Feeling confident, I decided to tackle another project this morning.  Callum picked out some cute puppy fabric the other day “to make something with.”  Sounds like a good excuse to try out some mei tai construction techniques before I attempt a full scale version.  Plus making a doll carrier is slightly more forgiving on the safety end of things icon smile I Feel Sew Crafty!

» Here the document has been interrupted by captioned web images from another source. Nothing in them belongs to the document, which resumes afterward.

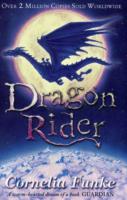 DRAGON RIDER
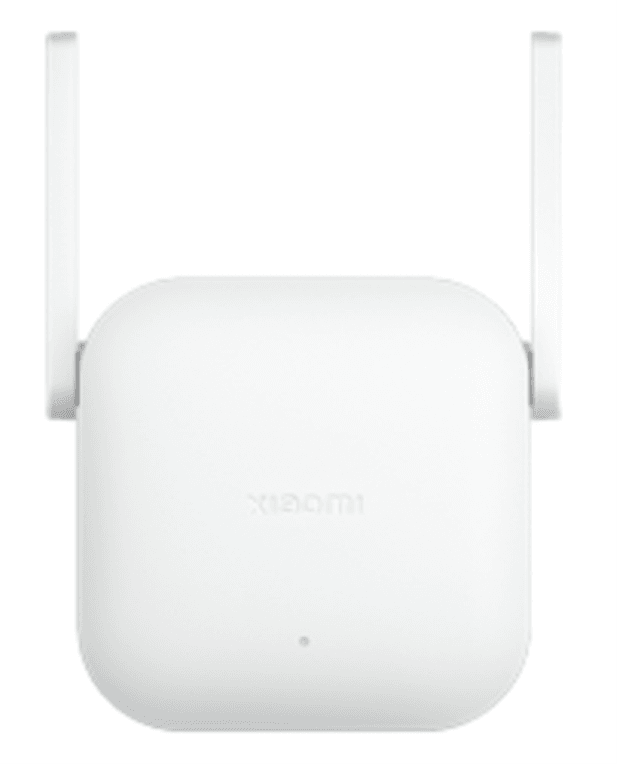 Xiaomi RD10/RD10M amplificador de señal Wi-fi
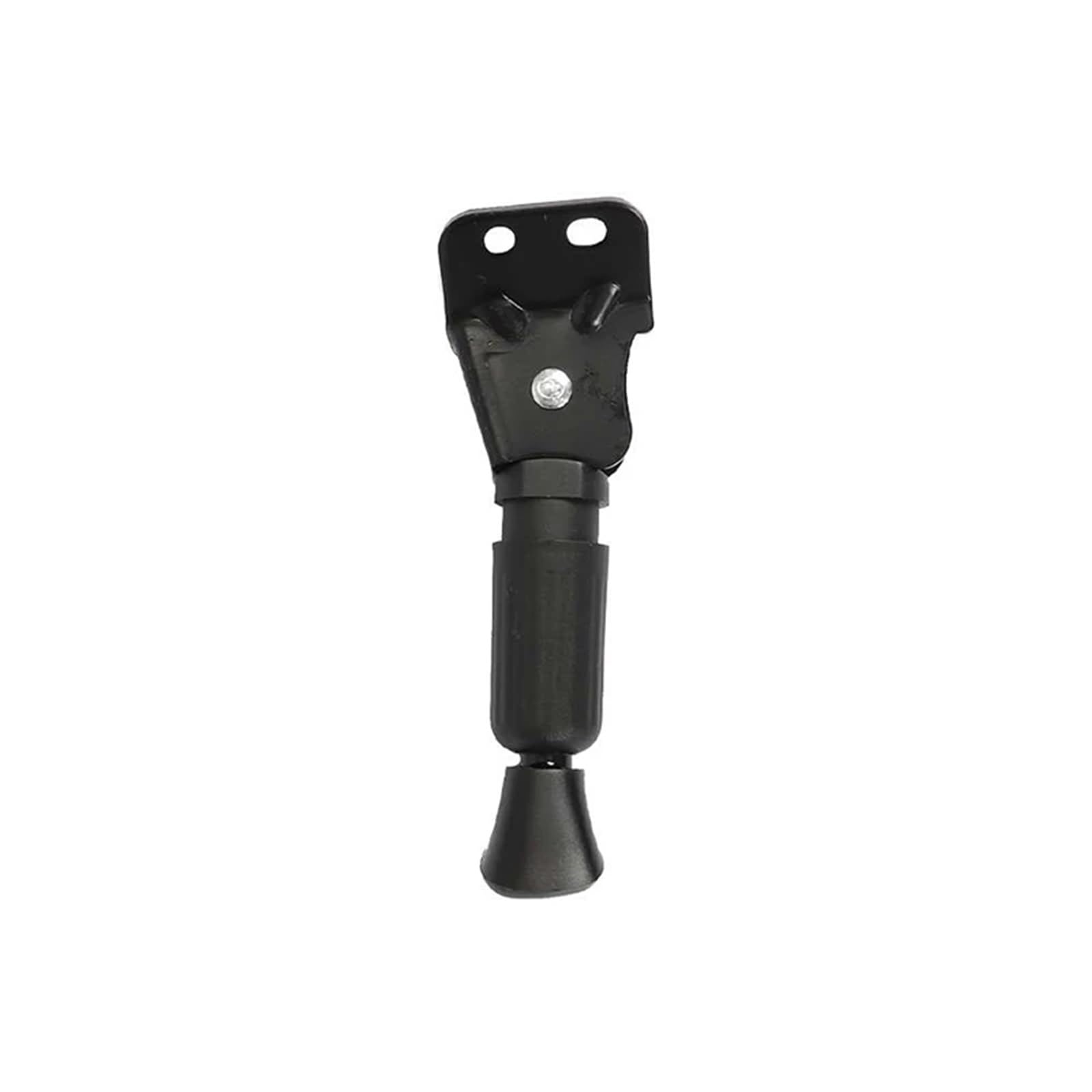 for cavalletto for Bici elettrica Fi-ido for Accessori Q1/Q1S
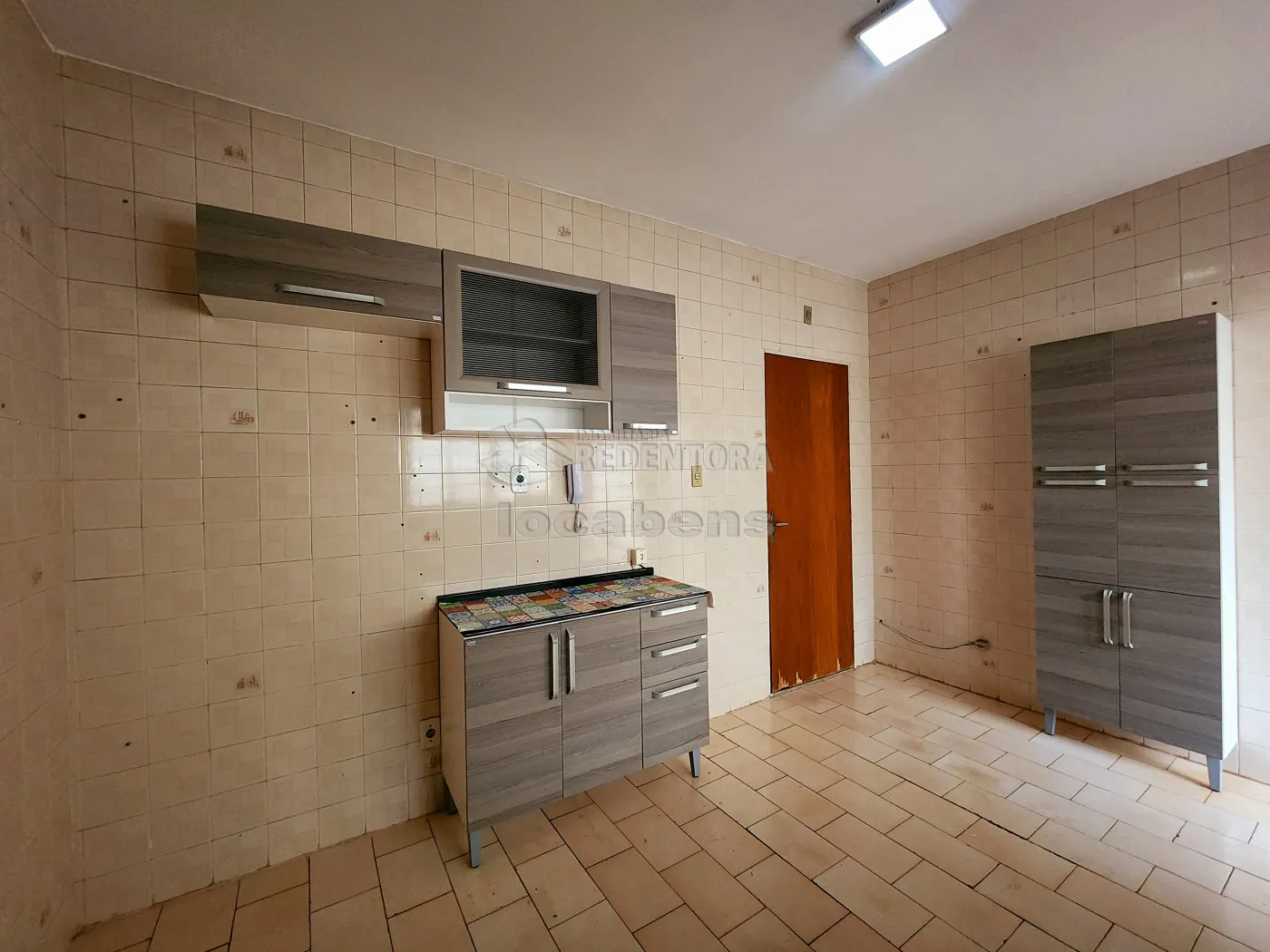 Apartamento para alugar com 3 quartos, 152m² - Foto 5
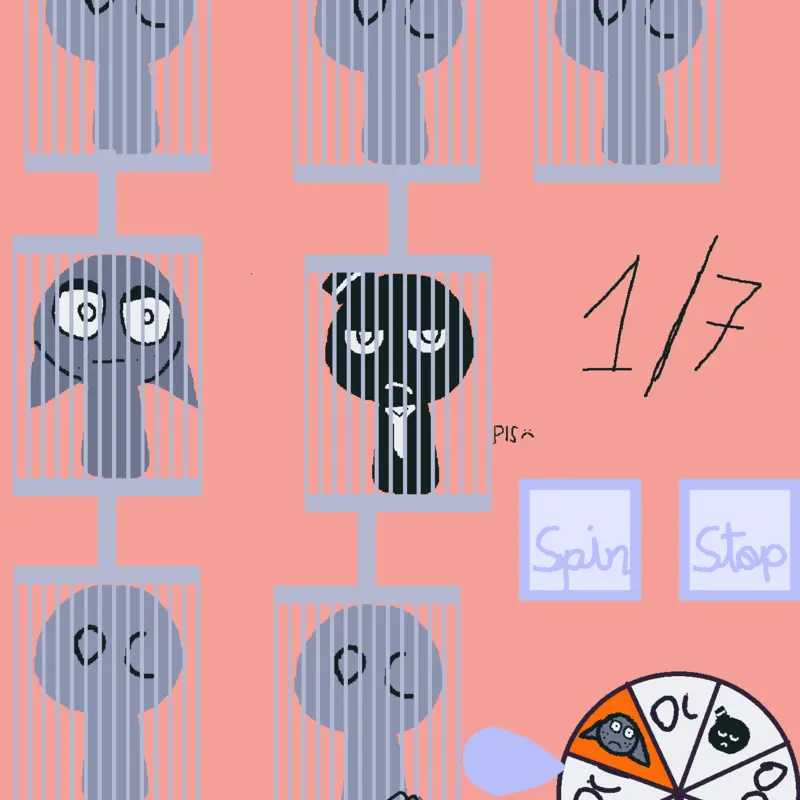 Game by @joziah_12321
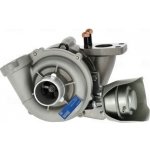 Dmychadlo, plnění NISSENS 93037 | Zboží Auto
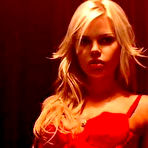 Pic of  AdultGoldAccess.com - Sophie Monk nude videos 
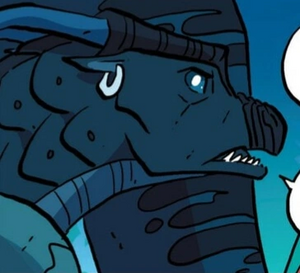 Fierceteeth GN 8.png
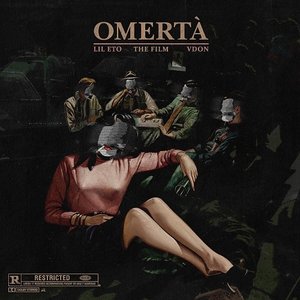 Omerta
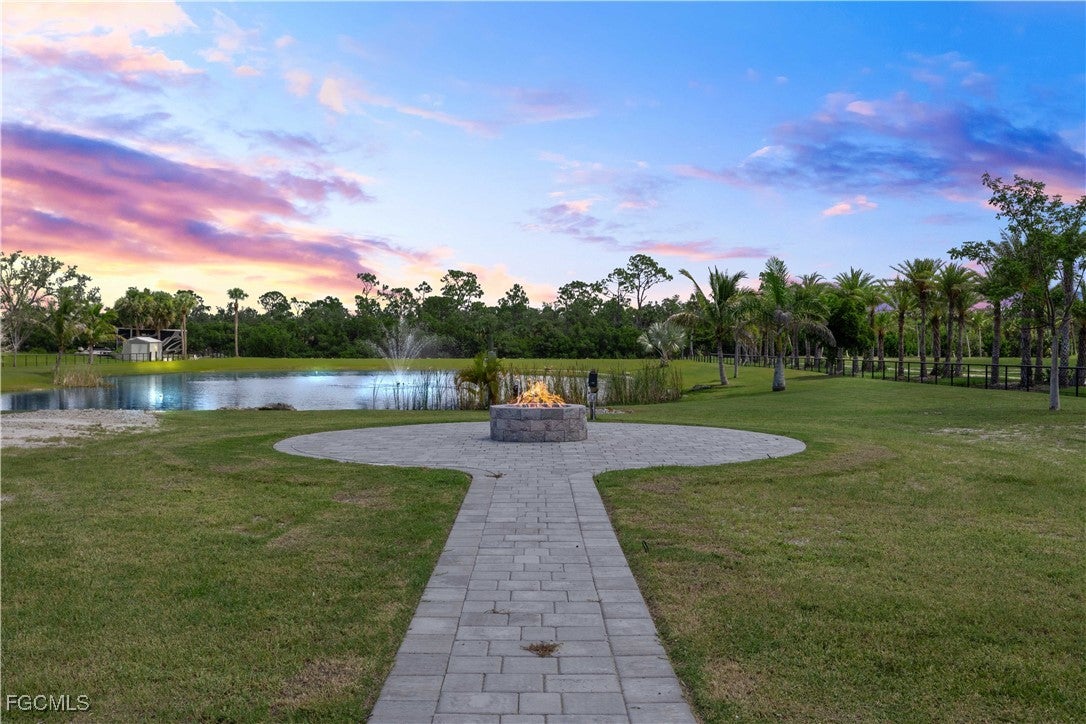 Punta Gorda, Florida, 33955, United States, 2 Bedrooms Bedrooms, ,4 BathroomsBathrooms,Residential,Active,1894224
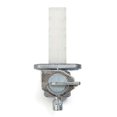 thumbnail image 3 of Fuel Petcock Valve For Kawasaki KZ1000P Police 82-05 LTD KZ750 GPZ750 ZX750 51023-1039,51023-1375, 3 of 5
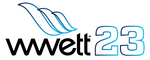 wwett-logo.png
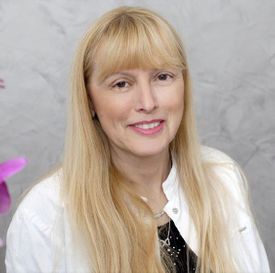 Dr. med. Brigitte Prem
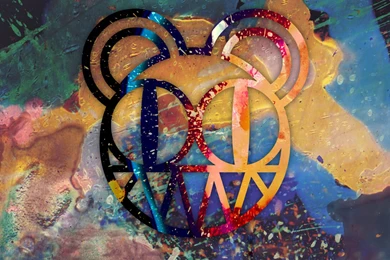 Mikaelabjarve, Wallpaper, Radiohead, In Rainbows, Pictures ...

The DIY forums on thebabywearer.com are a wealth of information on making your own carriers (you will need to create a login to view these links).  I wanted to try the pattern I plan to use for my full scale version (minus the padding), so I used this tutorial on attaching the straps via x-boxes to the center layer.   For a “pattern” I took a sheet of printer paper, folded it in half, and rounded the top off a bit (so when unfolded the top was a shallow dome).  I cut two layers of osnaburg using this and one layer of the puppy print.  For the straps, I cut 2 shoulder straps of 4 inches by 40 inches and 2 waist straps of 4 inches by 20 inches.  I probably could have made things easier by cutting those a bit wider and the body a bit bigger to give myself more of a seam allowance (still learning here!) – and it would have made the straps easier to turn.  You’ll want to adjust the body size and strap length to fit your child too of course (this size seems just perfect for a 3 year old).

For the straps, I pinned them wrong side together (so my 4 inch piece was folded in half), then sewed up one short edge and the long edge (leaving one short edge open to turn them).  Then I turned them right side out, pressed them and top-stitched all around (which you could skip but it makes them lay flatter).  Once those were all finished, I x-boxed them to the internal layer as in the tutorial, sewed up the layers, flipped it, top-stitched the whole thing and…viola!  The link above explains all this beautifully in pictures so check it out if you are so inclined.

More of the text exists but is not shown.